# Data records
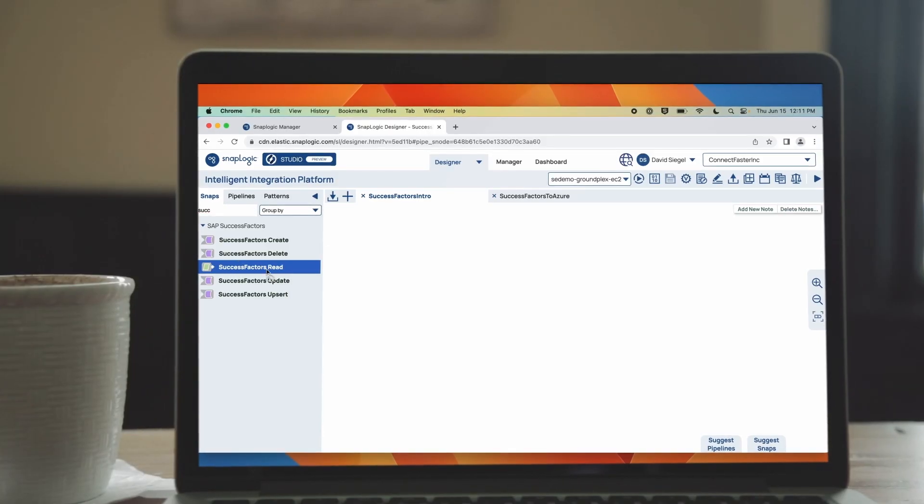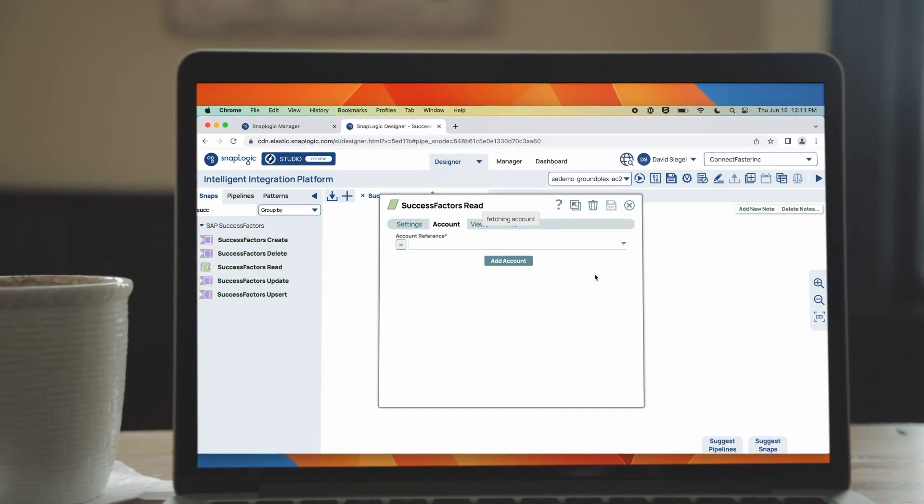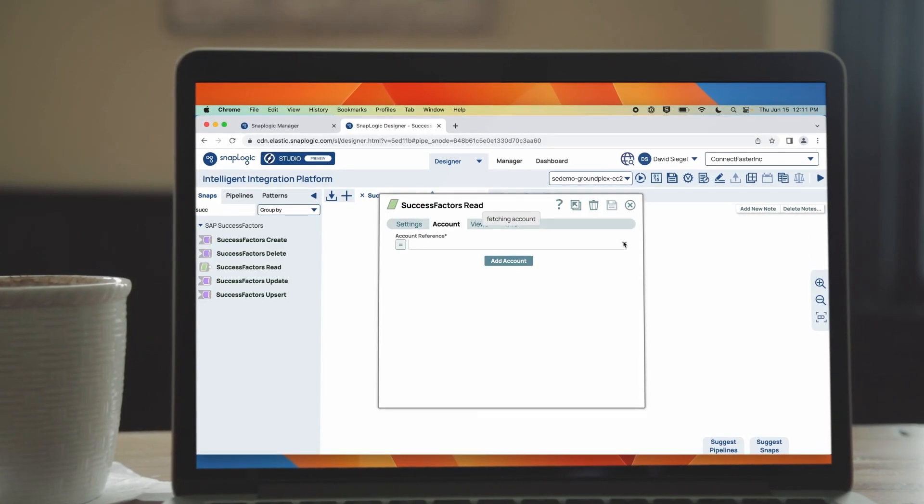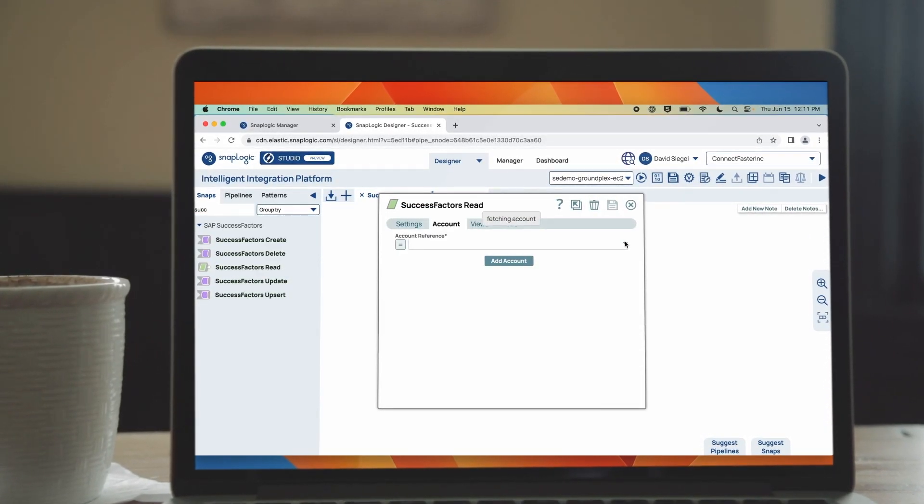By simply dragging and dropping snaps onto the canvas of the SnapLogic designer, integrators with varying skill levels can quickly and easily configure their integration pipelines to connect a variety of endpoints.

* * *

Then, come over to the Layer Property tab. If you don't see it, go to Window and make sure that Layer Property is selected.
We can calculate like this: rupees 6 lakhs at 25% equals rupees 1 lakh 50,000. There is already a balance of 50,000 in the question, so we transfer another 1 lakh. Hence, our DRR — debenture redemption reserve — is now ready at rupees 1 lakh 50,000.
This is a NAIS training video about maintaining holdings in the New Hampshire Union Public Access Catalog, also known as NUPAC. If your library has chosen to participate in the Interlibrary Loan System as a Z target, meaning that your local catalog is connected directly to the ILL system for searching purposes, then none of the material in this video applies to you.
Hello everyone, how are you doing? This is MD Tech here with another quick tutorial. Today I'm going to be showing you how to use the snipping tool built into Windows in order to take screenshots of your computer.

# Exercise details
How many lines in the records hold the string "that"? Reply with the number only.

# Reply to the exercise
2